Nancy took care to know us personally before shepherding her flock of white-knuckled writers through the arduous process of polishing and preparing our completed manuscripts for the next level. It’s a scary time for a writer but our fledgling manuscripts and flighty writing egos were as safe as the indigenous Colorado Big Horn Sheep that grazed the lush lawns of the castle grounds. Nancy answered our feeble bleats for leadership with tender nudges and palms of praise for our tiniest leaps up the dizzying precipices toward publication.

For three days, she gave morning instruction based on our conglomerate needs and on two afternoons we lined up for one-on-one meetings with her. This was in addition to twice-daily sessions with all four instructors (a keynote presentation and a panel each day). It was exhausting – it was fun – I made new friends – I slept three nights in a castle.
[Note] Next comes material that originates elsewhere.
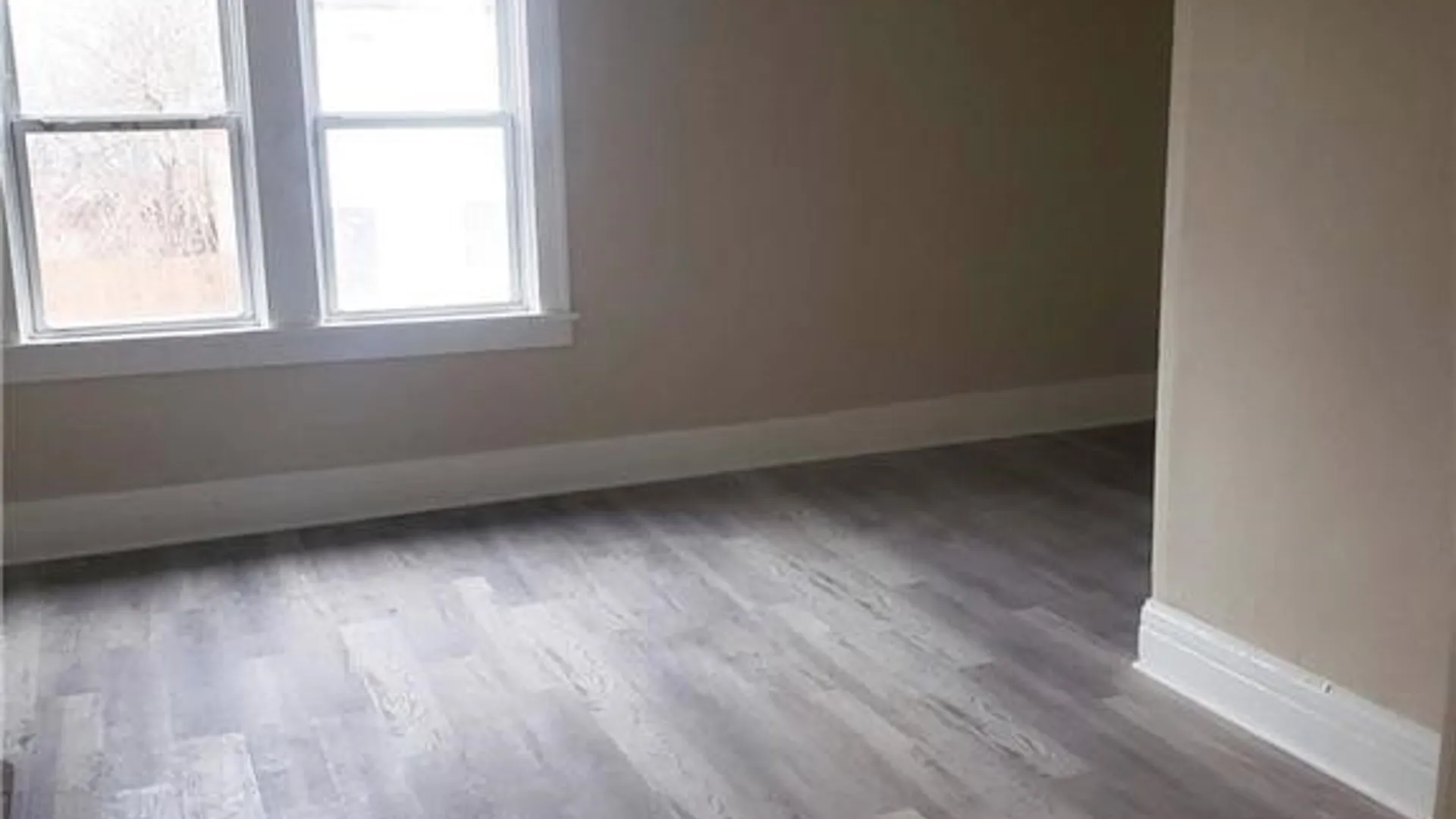 Property at 290 Massachusetts Avenue, Buffalo, NY 14213 18
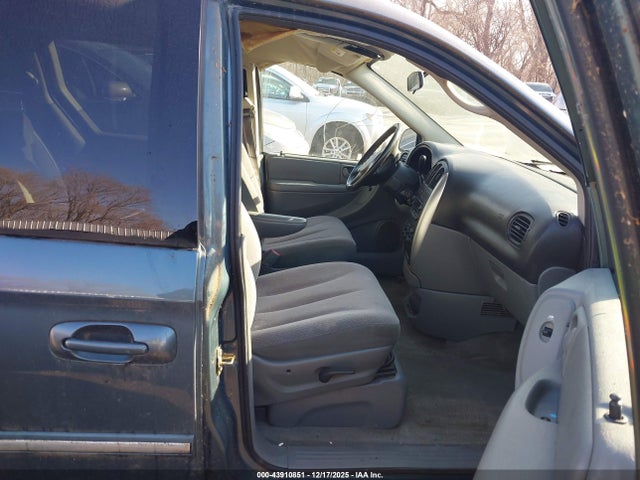Auction sale of the 2006 Chrysler Town & Country Touring, vin: 2A4GP54LX6R919797, lot number: 43910851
I departed ‘full to the brim and stuffed to the gills’ (courtesy of Glen Eyrie’s multi-course meals plus bountiful snacks and attentiveness of the hospitality staff).


Why Glen Eyrie? Besides the obvious ‘cool’ of a castle retreat…

There is a serious leap between a new writer’s manuscript and the narrow, steep climb toward publication. I chose to prepare for that leap somewhere gloriously beautiful with folks I trusted to laugh, cry and walk a mile with me.

As a bonus, I enjoyed a lovely Victorian High Tea with my dear friend Pam. Lovely.